近くで見ると相変わらずすごい迫力、と相原が見つめ返している間に家政夫のイリエは言った。

「髪に唐辛子が」
「え、どこ」

そう言って相原が髪を払ったが、家政夫のイリエがさりげなく相原の髪をすいた。
その手は相原よりよほど大きいのに、意外なほど細くて、それでいてしっかりとしていた。
相原は思わずその手に見とれていた。

「取れましたよ」
「あ、ありがとうございます」

ハッとして慌ててお礼を言ったものの、すぐに歩いて行ってしまう家政夫のイリエの後を慌てて追いかける羽目になった。

「ま、待って。あたしも一緒に帰ります」

その言葉に家政夫のイリエは振り向くことなくどんどん歩いていく。
その背は高く力強い。
相原はすかれた髪を手で触って感触を確かめた後、家政夫のイリエに置いて行かれないように駆け出したのだった。

 * * *

「まあねぇ、今回は手当も大きくて、ちょっとした臨時ボーナスを付けておいたから」

ほくほく顔で斗南家政婦紹介所所長が言った。

「ねえ、ねえ、琴子ちゃん。ところで、あの子があなたを助けたんですって?」
「え?うーん、まあ、そういうことになるんでしょうか。ええ、確かに助かりましたけど」
「これはちょっと楽しいわね〜」
「えー?どういうことでしょうか」
「他人の事情に首を突っ込むのはともかく、相棒を助けるなんてこと、今までにしたことない子なのよ」
「はあ、そうですか。
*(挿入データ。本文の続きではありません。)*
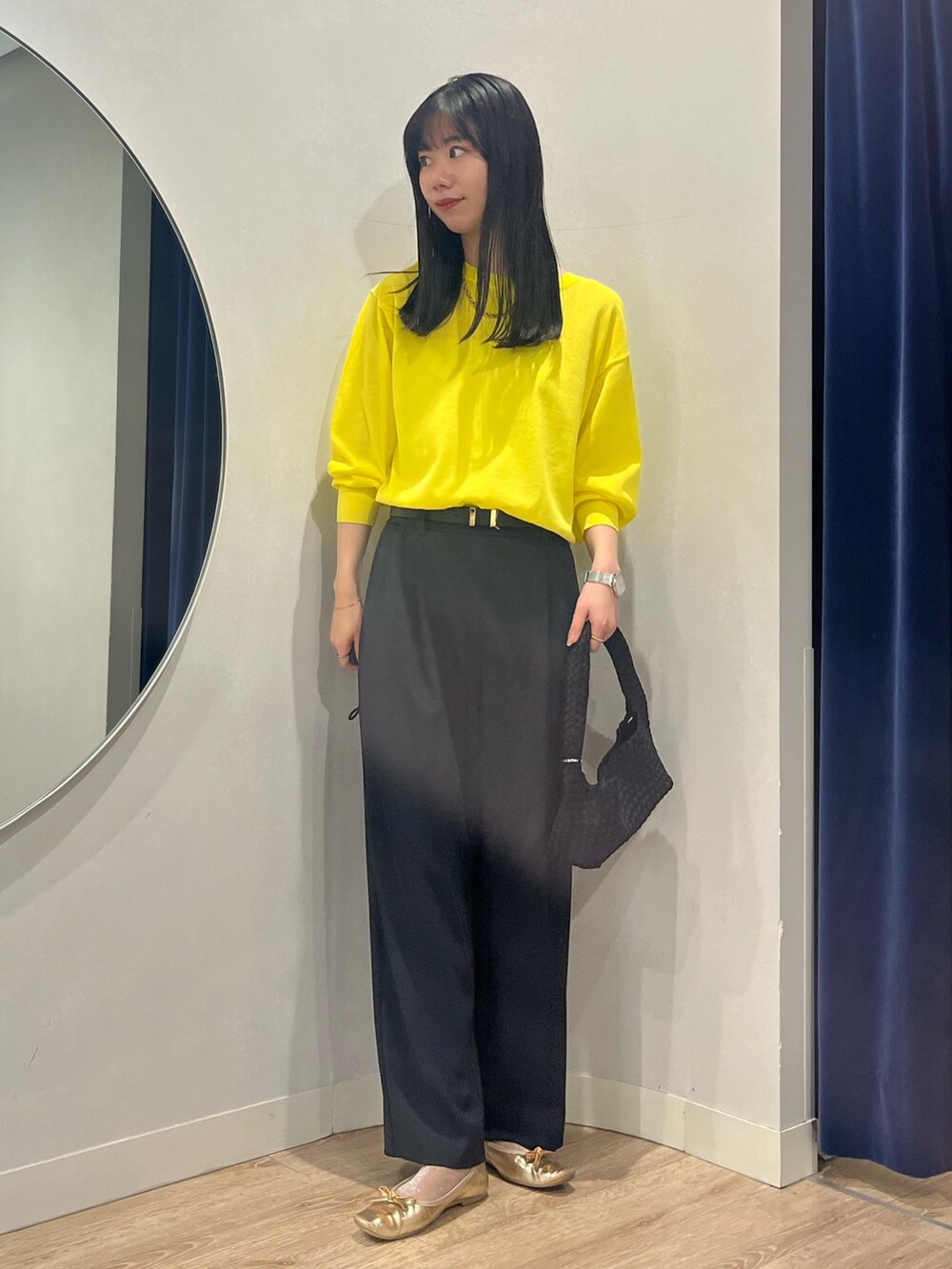 「大人カジュアル、大人コーデ、大人女子、オトナカジュアル、オトナ女子、オトナカワイイ、きれいめカジュアル、ノーリーズソフィー、ノーリーズ、高身長コーデ、高身長女子、イエロー、パンツスタイル、パンツコーデ」｜「NOLLEY’Sのダブルラインカンベルト（ベルト、ブラック系）」を使った、RINAさん（レディース・169cm）の春コーディネートの5枚目の写真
相変わらず冷たいですけど」
「でもこれは母親としての勘よ。絶対何かあるわ」
「そ、そうでしょうかねぇ」

家政婦の相原は半信半疑で首を傾げた。

「あ、所長。それより、あの家主さん、あの後どうされたか知ってます?」
「ああ、えーと、西垣さまね」
「あ、そういう苗字でしたっけ」
「お母様に偽婚約者のことがばれ、ついでにあの後も女性がわんさか押し寄せて、さすがのお母様も呆れてご実家に連れて帰られたそうよ」
「そうだったんですか」

相原は気の毒に、と心の内で思ったのだった。

「あの、所長。所長の息子さんのことなんですけど」
「ところで、今度のおうち、またあの子と一緒に行ってみない?」

まるで話をそらされた感じだったが、ふられた話に相原は即座に反応した。

「え、またですか」

そこに紹介所事務室の扉が勢いよく開いた。

「それはこっちのセリフ」

入ってきた家政夫のイリエに低い声ですごまれて、相原は肩をすくめた。

「紹介所所長の命令です」

強い口調に二人はそれぞれ小さなため息をついたのだった。

家政夫のイリエ。
彼女の派遣をご希望の方は斗南家政婦紹介所まで。

(2017/01/30)Fin.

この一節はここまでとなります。